Nie miałam dziś zbyt wiele czasu na wymyślanie kreatywnych zajęć, tak więc poszłam tropem uwielbianych bąbelków i baniek i zrobiłam modyfikację zabawy, o której pisałam ostatnio.
Pieni się niesamowicie, pachnie, puka, a przy okazji można uczyć się kolorów i, tak jak u nas, wielkości. Nasze bańki powstawały w miskach w trzech rozmiarach.
Barwniki nam się skończyły (taki dzień), więc z powodzeniem użyłyśmy farb do zabarwienia wody.
A. z zapałem mieszała, a następnie wlewała do wody płyn do mycia naczyń.
Potem wyciągnęła trzy słomki - pasujące do koloru wody i przeszła do bąbelkowania.
Dmuchanie to dopiero część zabawy.
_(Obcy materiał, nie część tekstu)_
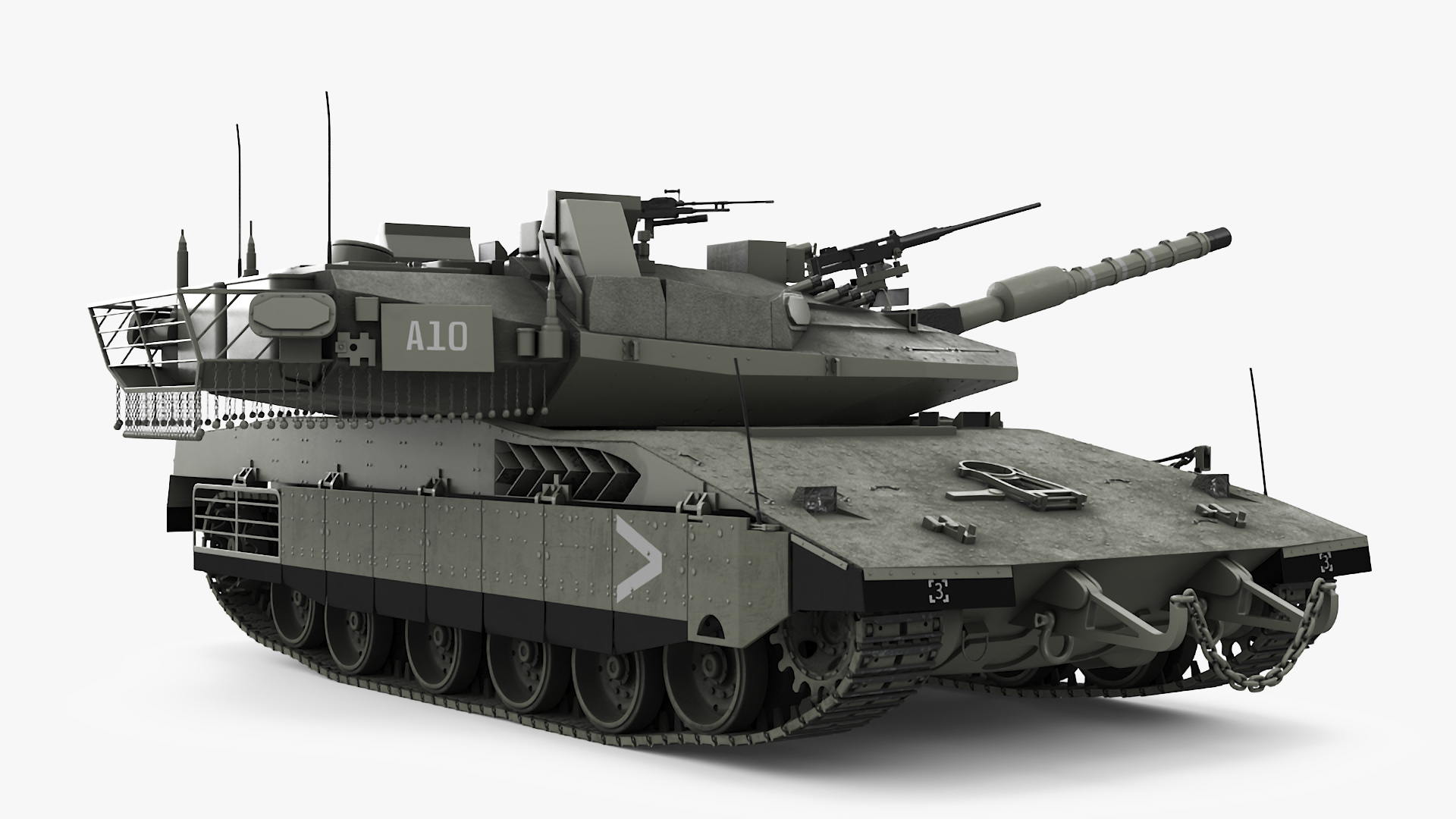 3D model Israeli Tank Merkava 5 Olive Rigged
Mieszanie kolorów i obserwacja jakie powstaną, przekładanie piany do innych misek, chwytanie palcami i rozbijanie baniek jest dla maluchów równie fascynujące (i relaksujące - ja również dołączyłam do łapania w dłonie baniek).
A na zakończenie stworzyłyśmy wspólnie bańkowego mutanta. ;)
Oczywiście w przypadku młodszych dzieci znowu musimy pamiętać o kontrolowaniu, aby nie napiły się płynu i nie zachłysnęły.